[[ Supplied material open ]]

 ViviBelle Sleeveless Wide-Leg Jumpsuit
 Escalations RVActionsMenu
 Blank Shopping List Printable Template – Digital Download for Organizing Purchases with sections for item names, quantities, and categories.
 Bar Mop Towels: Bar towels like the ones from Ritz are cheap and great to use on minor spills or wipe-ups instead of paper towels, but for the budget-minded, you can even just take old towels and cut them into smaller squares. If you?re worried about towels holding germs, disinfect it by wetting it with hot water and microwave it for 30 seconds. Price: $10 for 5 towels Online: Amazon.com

[[ Supplied material closed ]]

▸ **Required work**
No line before the one containing "Escalations RVActionsMenu" belongs in the answer; give again exactly that line and all lines after it through the end of the data.

▸ **Response**
 Escalations RVActionsMenu
 Blank Shopping List Printable Template – Digital Download for Organizing Purchases with sections for item names, quantities, and categories.
 Bar Mop Towels: Bar towels like the ones from Ritz are cheap and great to use on minor spills or wipe-ups instead of paper towels, but for the budget-minded, you can even just take old towels and cut them into smaller squares. If you?re worried about towels holding germs, disinfect it by wetting it with hot water and microwave it for 30 seconds. Price: $10 for 5 towels Online: Amazon.com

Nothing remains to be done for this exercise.